▶ [TASK REQUIREMENTS] Among the entries below, one stretch runs from the line that contains "Дождь пошел в" through the line that contains "कटिहार: प्रधानमंत्री के". Repeat that stretch exactly, ends included, and only that.

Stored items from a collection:
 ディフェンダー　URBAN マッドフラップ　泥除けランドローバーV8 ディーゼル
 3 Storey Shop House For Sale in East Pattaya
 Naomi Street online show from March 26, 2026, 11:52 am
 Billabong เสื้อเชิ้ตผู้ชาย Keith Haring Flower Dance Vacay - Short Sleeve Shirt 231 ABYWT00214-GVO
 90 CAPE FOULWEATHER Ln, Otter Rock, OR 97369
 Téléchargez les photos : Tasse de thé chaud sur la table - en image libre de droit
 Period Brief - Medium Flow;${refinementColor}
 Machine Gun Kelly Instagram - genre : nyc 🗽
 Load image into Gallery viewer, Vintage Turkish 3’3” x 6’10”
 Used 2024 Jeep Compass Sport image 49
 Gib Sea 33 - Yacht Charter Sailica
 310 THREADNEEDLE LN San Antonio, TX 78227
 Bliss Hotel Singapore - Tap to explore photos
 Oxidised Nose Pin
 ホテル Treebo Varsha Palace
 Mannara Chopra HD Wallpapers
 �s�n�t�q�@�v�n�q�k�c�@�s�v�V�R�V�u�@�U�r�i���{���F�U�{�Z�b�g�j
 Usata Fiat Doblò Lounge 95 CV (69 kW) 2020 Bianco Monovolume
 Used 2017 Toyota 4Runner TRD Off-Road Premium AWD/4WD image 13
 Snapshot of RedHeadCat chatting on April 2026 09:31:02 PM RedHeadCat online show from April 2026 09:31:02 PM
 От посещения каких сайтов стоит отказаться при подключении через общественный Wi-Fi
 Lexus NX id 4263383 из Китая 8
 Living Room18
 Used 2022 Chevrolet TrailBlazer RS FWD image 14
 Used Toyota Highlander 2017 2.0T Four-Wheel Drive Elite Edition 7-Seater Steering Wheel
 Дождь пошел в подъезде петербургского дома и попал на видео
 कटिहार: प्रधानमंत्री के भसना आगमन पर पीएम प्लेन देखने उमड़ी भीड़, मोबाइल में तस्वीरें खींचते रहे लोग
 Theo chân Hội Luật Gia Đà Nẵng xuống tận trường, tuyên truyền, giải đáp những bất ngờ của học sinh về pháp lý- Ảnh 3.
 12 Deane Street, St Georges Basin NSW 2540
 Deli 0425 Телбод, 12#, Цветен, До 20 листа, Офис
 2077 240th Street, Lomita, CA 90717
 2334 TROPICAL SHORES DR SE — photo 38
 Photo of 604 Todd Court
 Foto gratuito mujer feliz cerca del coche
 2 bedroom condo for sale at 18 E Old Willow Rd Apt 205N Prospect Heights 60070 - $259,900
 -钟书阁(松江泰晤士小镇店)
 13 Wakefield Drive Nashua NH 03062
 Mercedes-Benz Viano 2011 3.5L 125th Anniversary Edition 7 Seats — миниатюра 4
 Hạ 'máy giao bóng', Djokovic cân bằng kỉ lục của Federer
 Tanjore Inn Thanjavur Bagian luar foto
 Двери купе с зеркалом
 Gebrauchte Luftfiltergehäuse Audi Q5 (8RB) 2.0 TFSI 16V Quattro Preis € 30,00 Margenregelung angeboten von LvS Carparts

▶ [FINAL ANSWER]
 Дождь пошел в подъезде петербургского дома и попал на видео
 कटिहार: प्रधानमंत्री के भसना आगमन पर पीएम प्लेन देखने उमड़ी भीड़, मोबाइल में तस्वीरें खींचते रहे लोग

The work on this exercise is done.